Autoscaling Kafka workloads with custom metrics autoscaler

December 29, 2023
Etienne Dubois
Related topics:
ContainersEvent-DrivenKafka
Related products:
Streams for Apache KafkaRed Hat OpenShift

Share:

    Autoscaling plays an important role in cloud-native applications, ensuring both efficiency and reliability. It automatically adapts resource allocation in response to current demands, scaling up during peak periods to maintain stable performance and scaling back in quieter times to reduce costs. This flexibility is especially useful for handling unpredictable traffic, ensuring applications stay responsive without using more resources than necessary.
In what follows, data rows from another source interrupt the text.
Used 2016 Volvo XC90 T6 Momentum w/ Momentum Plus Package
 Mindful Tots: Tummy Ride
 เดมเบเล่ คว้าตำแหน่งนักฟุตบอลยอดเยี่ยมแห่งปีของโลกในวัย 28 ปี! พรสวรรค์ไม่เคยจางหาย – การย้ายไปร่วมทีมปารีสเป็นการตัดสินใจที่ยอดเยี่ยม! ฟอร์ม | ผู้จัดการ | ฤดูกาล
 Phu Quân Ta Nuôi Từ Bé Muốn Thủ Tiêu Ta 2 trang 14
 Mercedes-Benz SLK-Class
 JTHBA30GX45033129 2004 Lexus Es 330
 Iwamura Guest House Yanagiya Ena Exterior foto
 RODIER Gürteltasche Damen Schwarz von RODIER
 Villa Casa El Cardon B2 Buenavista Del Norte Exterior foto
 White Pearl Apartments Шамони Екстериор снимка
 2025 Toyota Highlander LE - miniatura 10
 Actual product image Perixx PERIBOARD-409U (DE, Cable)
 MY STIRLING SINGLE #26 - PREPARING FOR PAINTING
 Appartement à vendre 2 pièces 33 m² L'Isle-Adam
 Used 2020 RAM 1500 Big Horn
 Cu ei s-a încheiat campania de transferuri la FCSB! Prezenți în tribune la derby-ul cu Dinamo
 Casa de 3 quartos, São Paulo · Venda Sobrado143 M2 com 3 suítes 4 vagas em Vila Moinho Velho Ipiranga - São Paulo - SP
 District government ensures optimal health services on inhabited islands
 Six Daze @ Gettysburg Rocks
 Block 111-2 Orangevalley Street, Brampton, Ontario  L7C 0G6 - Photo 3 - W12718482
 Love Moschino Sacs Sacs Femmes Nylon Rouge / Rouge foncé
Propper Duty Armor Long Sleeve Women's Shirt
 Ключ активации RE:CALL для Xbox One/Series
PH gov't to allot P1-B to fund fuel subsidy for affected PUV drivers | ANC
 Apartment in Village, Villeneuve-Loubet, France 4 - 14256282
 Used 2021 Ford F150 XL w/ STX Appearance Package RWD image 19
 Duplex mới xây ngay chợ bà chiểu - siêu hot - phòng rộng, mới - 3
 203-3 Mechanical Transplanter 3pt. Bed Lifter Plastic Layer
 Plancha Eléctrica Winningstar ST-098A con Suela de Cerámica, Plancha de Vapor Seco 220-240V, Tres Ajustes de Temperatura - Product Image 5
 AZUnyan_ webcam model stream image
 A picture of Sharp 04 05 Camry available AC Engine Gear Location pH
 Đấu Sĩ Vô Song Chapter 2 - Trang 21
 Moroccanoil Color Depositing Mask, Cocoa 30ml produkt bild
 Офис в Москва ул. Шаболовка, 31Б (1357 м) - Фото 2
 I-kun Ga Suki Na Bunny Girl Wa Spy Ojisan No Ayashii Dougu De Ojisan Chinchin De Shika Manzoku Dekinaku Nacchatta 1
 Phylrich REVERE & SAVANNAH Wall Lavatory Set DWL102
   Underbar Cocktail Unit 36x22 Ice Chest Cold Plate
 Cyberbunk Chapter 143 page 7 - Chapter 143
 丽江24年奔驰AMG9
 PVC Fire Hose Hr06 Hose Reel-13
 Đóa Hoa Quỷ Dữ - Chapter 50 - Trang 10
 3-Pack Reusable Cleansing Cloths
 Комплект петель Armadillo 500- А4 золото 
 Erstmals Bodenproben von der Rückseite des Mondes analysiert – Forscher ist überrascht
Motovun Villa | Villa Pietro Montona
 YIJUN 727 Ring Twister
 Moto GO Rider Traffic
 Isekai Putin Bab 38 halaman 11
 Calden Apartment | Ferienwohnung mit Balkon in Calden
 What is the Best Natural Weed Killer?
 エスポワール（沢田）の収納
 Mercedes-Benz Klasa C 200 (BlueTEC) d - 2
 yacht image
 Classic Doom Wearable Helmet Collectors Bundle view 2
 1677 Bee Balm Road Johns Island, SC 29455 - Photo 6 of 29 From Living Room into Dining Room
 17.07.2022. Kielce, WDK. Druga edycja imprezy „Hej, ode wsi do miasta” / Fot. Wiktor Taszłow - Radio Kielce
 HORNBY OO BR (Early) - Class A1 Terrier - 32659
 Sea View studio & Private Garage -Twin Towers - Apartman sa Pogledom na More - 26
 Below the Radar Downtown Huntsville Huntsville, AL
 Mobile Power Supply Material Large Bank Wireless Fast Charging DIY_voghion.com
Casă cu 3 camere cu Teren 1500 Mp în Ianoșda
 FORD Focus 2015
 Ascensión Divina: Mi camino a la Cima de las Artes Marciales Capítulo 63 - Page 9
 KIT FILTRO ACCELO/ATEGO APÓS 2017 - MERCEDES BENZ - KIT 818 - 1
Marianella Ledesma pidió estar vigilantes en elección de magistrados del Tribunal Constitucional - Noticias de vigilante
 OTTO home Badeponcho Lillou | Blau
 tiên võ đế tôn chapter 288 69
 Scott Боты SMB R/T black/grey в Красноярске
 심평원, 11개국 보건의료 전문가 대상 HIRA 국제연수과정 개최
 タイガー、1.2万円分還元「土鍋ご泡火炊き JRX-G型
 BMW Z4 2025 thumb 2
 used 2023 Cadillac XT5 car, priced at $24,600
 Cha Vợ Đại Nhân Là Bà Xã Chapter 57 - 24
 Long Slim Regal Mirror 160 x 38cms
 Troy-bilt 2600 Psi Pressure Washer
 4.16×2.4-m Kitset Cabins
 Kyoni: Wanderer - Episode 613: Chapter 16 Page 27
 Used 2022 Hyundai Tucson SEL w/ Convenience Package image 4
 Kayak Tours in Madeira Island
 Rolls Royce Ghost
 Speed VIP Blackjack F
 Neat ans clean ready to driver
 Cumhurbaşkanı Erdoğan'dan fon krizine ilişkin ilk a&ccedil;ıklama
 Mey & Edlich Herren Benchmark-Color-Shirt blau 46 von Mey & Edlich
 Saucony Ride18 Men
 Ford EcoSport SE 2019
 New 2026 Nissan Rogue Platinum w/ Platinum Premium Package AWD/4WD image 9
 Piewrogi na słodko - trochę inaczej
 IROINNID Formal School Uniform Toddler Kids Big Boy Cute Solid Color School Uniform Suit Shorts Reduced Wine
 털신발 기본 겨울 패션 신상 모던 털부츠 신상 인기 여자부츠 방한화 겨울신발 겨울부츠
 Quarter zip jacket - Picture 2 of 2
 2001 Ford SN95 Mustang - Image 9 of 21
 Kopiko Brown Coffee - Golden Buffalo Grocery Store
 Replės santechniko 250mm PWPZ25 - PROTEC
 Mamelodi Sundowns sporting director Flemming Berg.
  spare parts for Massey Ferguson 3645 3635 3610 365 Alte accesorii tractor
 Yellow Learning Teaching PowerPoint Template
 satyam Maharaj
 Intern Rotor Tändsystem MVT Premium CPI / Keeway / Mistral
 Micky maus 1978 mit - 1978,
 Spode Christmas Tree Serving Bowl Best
Essentially, autoscaling helps manage cloud applications effectively and cost-efficiently.

    The custom metrics autoscaler operator enhances Red Hat OpenShift scaling capabilities, particularly for event-driven applications. Unlike the standard Horizontal Pod Autoscaler (HPA), which primarily scales applications based on CPU and memory metrics, these metrics are not always the best indicators of the actual demand or performance requirements of an application. For instance, CPU and memory usage might remain low even when an application is processing a high volume of requests or data. This mismatch can lead to underutilization of resources or, on the contrary, an inability to handle peak demands effectively.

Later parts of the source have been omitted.